How states can pave a path toward congressional term limits

For decades, Washington has operated like a gated community — guarded by incumbency, insulated from accountability. Nearly nine in ten Americans support term limits for Congress, yet no reform has ever broken through. Congress won’t restrain itself, and the courts have long blocked states from doing so. But there may now be a new path forward — one paved by the states themselves.

In 1995, the Supreme Court’s decision in U.S. Term Limits v. Thornton ruled that states cannot impose additional qualifications for members of Congress beyond those listed in the Constitution — age, citizenship, and residency. That ruling effectively closed the door on any single state imposing term limits. Even if every voter in a state demanded it, the law would not stand.

But Thornton was decided by a different Court in a different era. And the Constitution leaves room for the kind of creative federalism that has reshaped precedent before. From Brown v. Board of Education to Dobbs v. Jackson, national change has often begun when multiple states acted together, challenging an outdated interpretation of the law.

Imagine a coordinated effort in which a handful of states — say Florida, Texas, Kentucky, and Tennessee — each passed identical term-limit laws for their federal delegations. Every one of those laws would almost certainly be challenged and struck down under Thornton. Yet with cases arising across several circuits, the Supreme Court would be compelled to revisit the question: can the people, through their states, impose limits on congressional tenure?
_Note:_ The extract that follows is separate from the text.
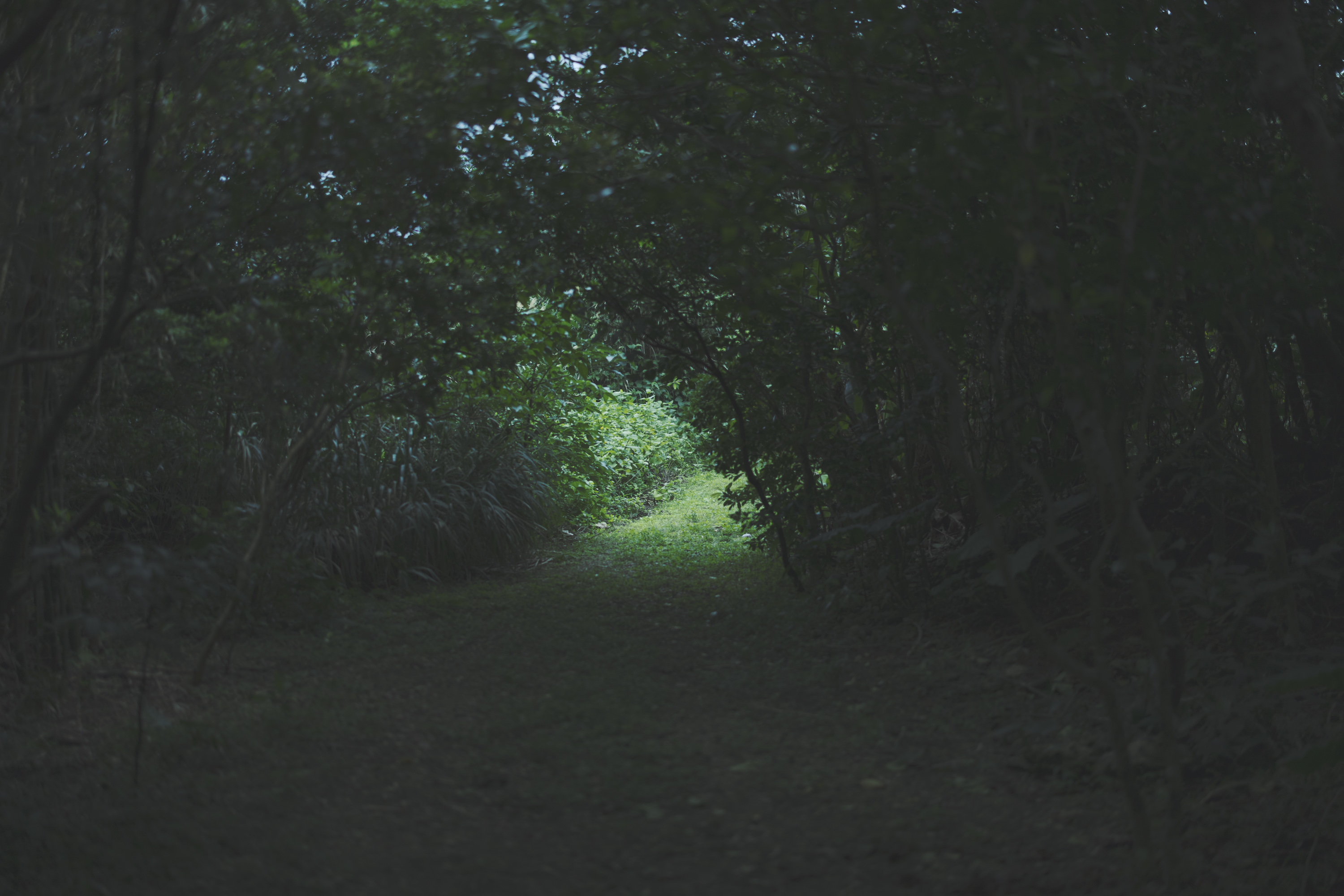 Jurgen Lehl & Babaghuri 2022 summer Collection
This strategy is not defiance — it’s federalism functioning as designed. The states were meant to be laboratories of democracy, testing the limits of power and reflecting the will of the people. When Washington refuses to act, the states can.
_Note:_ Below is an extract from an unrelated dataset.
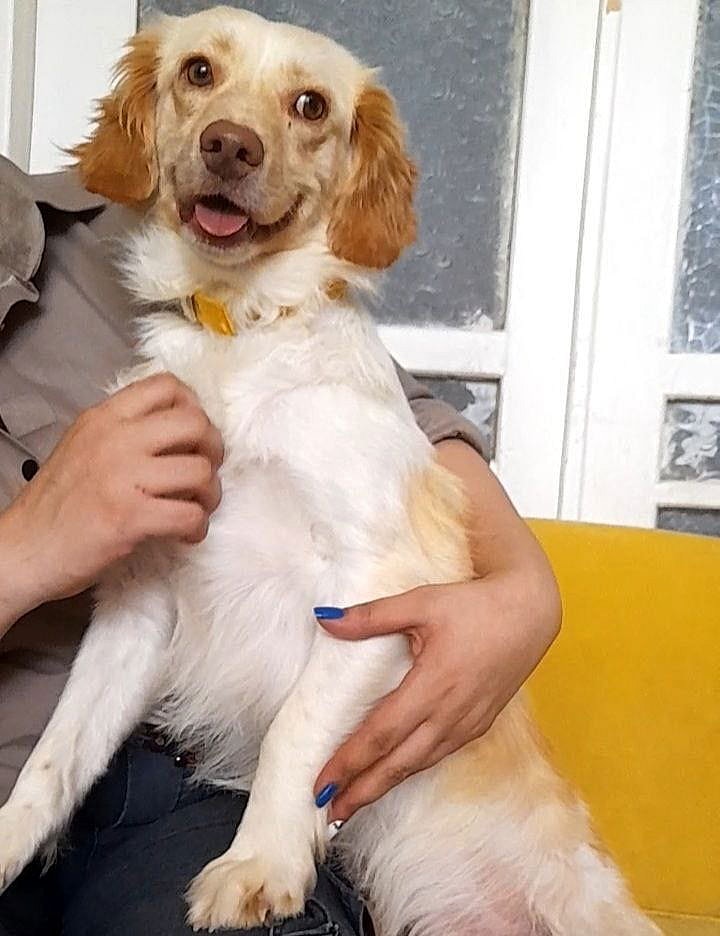 COYOTE (local) , yo/kt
The Founders themselves believed in rotation in office. Under the Articles of Confederation, delegates could serve only three out of every six years — not to punish experience, but to preserve humility. Public service, they believed, should be a season, not a career.

Modern term limits should embrace that same spirit of fairness and renewal. The most responsible approach would apply prospectively — grandfathering in current members and starting everyone’s “term clock” at zero. That approach avoids legal gridlock while honoring past service and setting a clear standard for the future: a limited number of terms, followed by a return to private life.

Critics argue that change like this is politically impossible. Yet impossibility is often where reform begins. A coordinated state challenge would ignite a national debate about accountability, power, and the meaning of representation itself. Even if the Court reaffirms Thornton, the movement will have achieved something vital: forcing Congress — and the country — to confront how far we’ve drifted from the idea of citizen leadership.

The path to congressional term limits won’t begin inside Washington. It will begin in the states that still believe in self-government — states willing to legislate, to challenge, and to lead.

The formula is simple: Pass the laws. Invite the challenge. Let the Court decide.

Whether the justices uphold or overturn precedent, the message will be the same — Americans are ready for a Congress that changes faces as often as it faces a government shutdown. The only question left is whether the states have the courage to light the way.